*Task goal:*
For the lines from the one with "Cream_Pure_Georgette_Saree_Matching_Blouse_Piece_For_Women" to the end of the listing below, both ends included, give an exact copy and nothing more. Do not copy pictures.

*Collected data:*

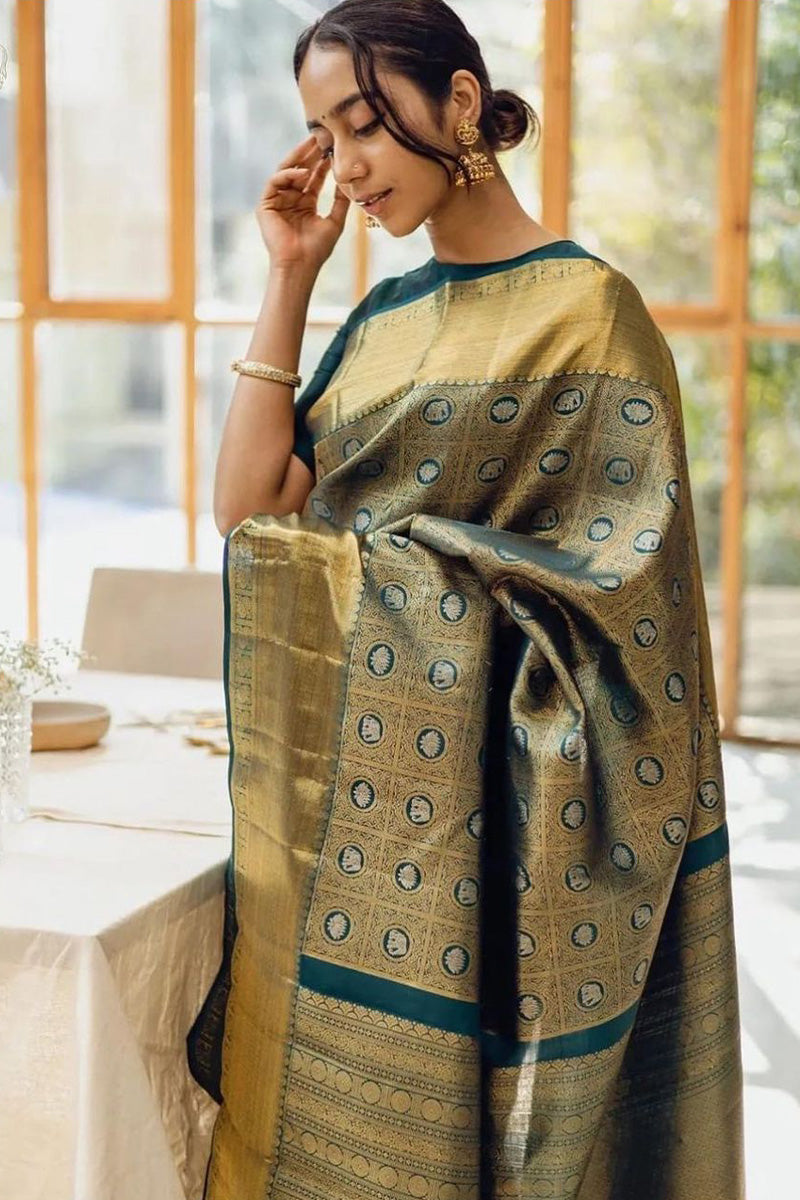 Proficient Dark Green Soft Silk Saree With Inimitable Blouse Piece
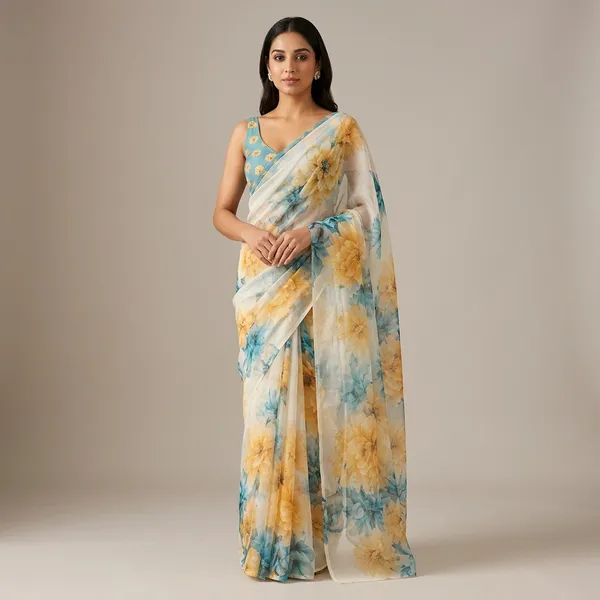 Cream_Pure_Georgette_Saree_Matching_Blouse_Piece_For_Women
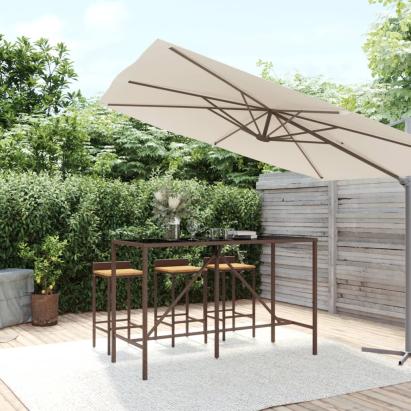 Masă de bar cu blat din sticlă, maro, 180x70x110 cm, poliratan GartenMobel Dekor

*Finished exercise:*
 Cream_Pure_Georgette_Saree_Matching_Blouse_Piece_For_Women
 Masă de bar cu blat din sticlă, maro, 180x70x110 cm, poliratan GartenMobel Dekor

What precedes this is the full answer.